Auf dem Activity-Deck erlebt jede Familie Action, Spaß und Unterhaltung. Der Organic Spa des Schiffs ist der geeignete Ort für Urlauber, die die pure Entspannung auf dem Meer suchen.
DIE BESONDERHEIT: Der beeindruckende und spektakuläre SKYWALK der Perla gibt fantastische Einblicke in das Meer. Es kostet uns schon ein bisschen Überwindung, auf den gläsernen „Steg“ zu gehen, aber es ist gigantisch und einzigartig.

Die Wasserlandschaften und die AIDA-Bars schaffen eine entspannte Urlaubswelt und auch die Kinder erleben durch die liebevolle Betreuung der AIDA-Animation einen unvergesslichen Urlaub. An Bord der AIDA Perla begegnen wir einer grenzenlosen Vielfalt für eine perfekte Reise auf dem Mittelmeer. Nur einmal Koffer packen und viel von der Welt sehen …

Ein Bericht von Marijana Jerkovic und Marion Leppin

Kulturschock nach Plan – Dubai

Was erwarte ich von Dubai? Baustelle? Kultur? Shopping? Strand? Luxus?

Ja genau, all das! Diese Stadt ist für uns Europäer ein Phänomen – ein Flughafen, der nach nur drei Jahren bereits einsatzfähig ist.
Inseln, die aus dem Nichts erschaffen werden. Überall Baustellen und jeden Monat neue Straßen. Viele verschiedene Völker leben und arbeiten gemeinsam dort. Dieses Land lebt von seinen Kontrasten!

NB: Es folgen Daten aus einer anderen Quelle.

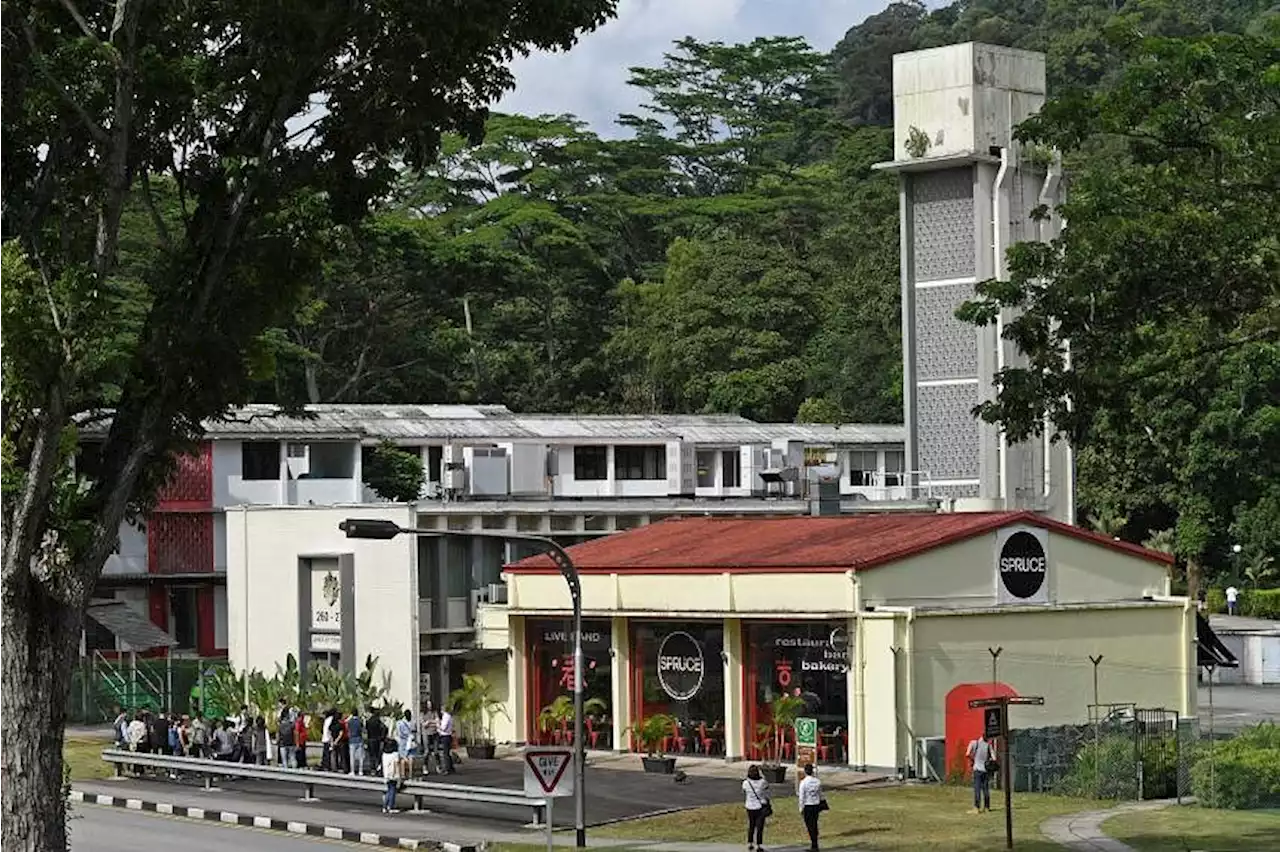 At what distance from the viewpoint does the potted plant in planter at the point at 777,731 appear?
4431 cm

Ich entdecke mit jedem Besuch so viel Neues – entdecke Dubai!
Entdecke diese fremde Kultur mit ihren alten Märkten, den Souks, ihre Art Handel zu treiben, ihre Religion zu würdigen und ihre Weltoffenheit – das wird Dubai ewig bleiben.
Entdecke Dubai – diese architektonischen Wunder an jeder Straßenecke, hier ein neues Restaurant, da ein neuer Freizeitpark, der Puls der Zeit, neue Wahrzeichen – sie sind die Symbole des neuen Dubais …

Ein Bericht von Josephine Malitz

Madeira – DIE Blumen- und Wanderinsel schlechthin! Und noch so viel mehr …

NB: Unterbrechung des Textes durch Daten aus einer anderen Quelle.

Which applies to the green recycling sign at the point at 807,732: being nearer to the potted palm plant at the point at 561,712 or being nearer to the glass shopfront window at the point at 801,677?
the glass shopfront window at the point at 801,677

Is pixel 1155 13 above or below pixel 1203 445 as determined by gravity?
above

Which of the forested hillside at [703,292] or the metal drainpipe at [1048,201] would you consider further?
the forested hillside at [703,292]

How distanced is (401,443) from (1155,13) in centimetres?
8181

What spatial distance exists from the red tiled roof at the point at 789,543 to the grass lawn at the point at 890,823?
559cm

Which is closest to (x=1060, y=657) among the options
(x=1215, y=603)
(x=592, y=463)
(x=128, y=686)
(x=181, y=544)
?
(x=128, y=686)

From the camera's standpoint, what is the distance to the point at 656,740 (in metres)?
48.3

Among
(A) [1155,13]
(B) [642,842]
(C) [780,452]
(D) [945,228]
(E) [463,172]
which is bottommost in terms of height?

Manche Inseln, die ein Klischee aufgedrückt bekommen, wie beispielsweise Ibiza, die nur eine teure Partyinsel sein soll (was nebenbei bemerkt gar nicht zutrifft), sollen nicht so vielfältig oder nur bei gewissen Kundenkreisen beliebt sein.

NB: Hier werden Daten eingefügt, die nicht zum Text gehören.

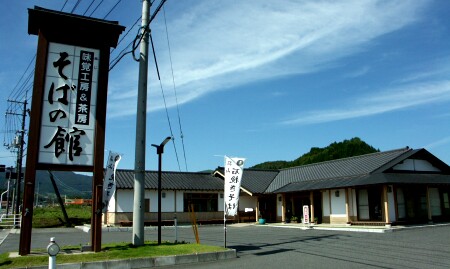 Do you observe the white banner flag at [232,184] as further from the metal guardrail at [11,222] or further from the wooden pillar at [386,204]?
the metal guardrail at [11,222]

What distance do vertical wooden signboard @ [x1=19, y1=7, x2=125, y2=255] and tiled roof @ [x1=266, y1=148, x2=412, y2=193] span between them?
58.9 feet

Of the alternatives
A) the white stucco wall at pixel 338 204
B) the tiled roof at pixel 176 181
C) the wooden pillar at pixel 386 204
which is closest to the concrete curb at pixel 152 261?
the wooden pillar at pixel 386 204

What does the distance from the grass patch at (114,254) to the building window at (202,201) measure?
64.9 ft

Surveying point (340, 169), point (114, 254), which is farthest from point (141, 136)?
point (340, 169)

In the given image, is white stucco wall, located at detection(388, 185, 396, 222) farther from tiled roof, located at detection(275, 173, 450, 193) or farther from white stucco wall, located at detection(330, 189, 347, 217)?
white stucco wall, located at detection(330, 189, 347, 217)

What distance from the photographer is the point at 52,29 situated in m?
11.3

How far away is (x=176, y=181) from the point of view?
32250 mm

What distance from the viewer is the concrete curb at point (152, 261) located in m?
9.15

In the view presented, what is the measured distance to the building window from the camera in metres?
31.4

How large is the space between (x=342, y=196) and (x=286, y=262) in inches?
630

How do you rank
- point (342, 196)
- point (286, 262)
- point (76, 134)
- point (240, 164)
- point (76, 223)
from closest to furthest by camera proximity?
point (286, 262)
point (76, 134)
point (240, 164)
point (342, 196)
point (76, 223)

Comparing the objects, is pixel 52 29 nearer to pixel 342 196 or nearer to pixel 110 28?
pixel 110 28

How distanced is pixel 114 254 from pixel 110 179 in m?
2.59

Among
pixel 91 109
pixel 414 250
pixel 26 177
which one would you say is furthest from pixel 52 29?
pixel 414 250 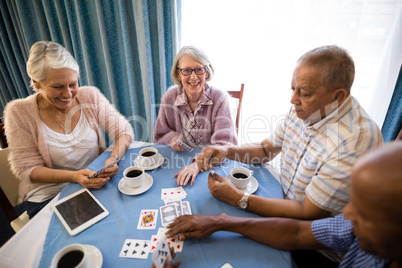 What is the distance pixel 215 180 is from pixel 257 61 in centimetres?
154

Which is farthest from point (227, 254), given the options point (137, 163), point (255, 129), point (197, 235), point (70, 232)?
point (255, 129)

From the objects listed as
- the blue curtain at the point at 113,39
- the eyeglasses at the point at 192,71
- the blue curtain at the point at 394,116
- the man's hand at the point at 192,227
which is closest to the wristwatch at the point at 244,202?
the man's hand at the point at 192,227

Das stimmt jedoch nicht – zumindest nicht was Madeira betrifft! Ich selbst bin gar nicht so der Wanderfreund, aber die kleine Insel im Atlantik belehrt mich definitiv eines Besseren! Eine solche Flora und Fauna wie hier habe ich selten erlebt. Mit unserem kleinen Opel Corsa erkunden wir die ganze Insel. Madeira besitzt viele Tunnel und nach jedem fragen wir uns: Was wird uns diesmal am Ende des Tunnels erwarten? Werden es Klippen sein, die komplett mit Pflanzen bewachsen sind oder in denen unzählige kleine Wohnhäuser gebaut sind? Wird es ein Wasserfall sein, der aus dem Berg herausgesprudelt kommt? Oder erleben wir einen traumhaften Weitblick von mehreren Kilometer über die Insel hinweg? Denn nach jeder Unterführung taucht etwas Anderes, völlig Unerwartetes auf! Sogar den Wolken fahren wir nach, einfach immer weiter Richtung Himmel – ohne ein Ende in Sicht. Die Serpentinen immer weiter nach oben, Kurve um Kurve, erst durch dichte Pinienwälder, dann vorbei an kargen Landschaftsabschnitten mit kleinen Büschen und Felsen. So lange, bis wir an dem Punkt ankommen, an dem wir durch die Wolken hindurch fahren.

Erst wird es nebelig, diesig, total trist und grau und dann plötzlich – strahlender Sonnenschein! Und Wolken, soweit das Auge sehen kann, weiße pudrige Wolken. Die Luft dort oben? Kalt und sauber. Und die Aussicht? UNBESCHREIBLICH! Eindeutig eine weitere Reise wert!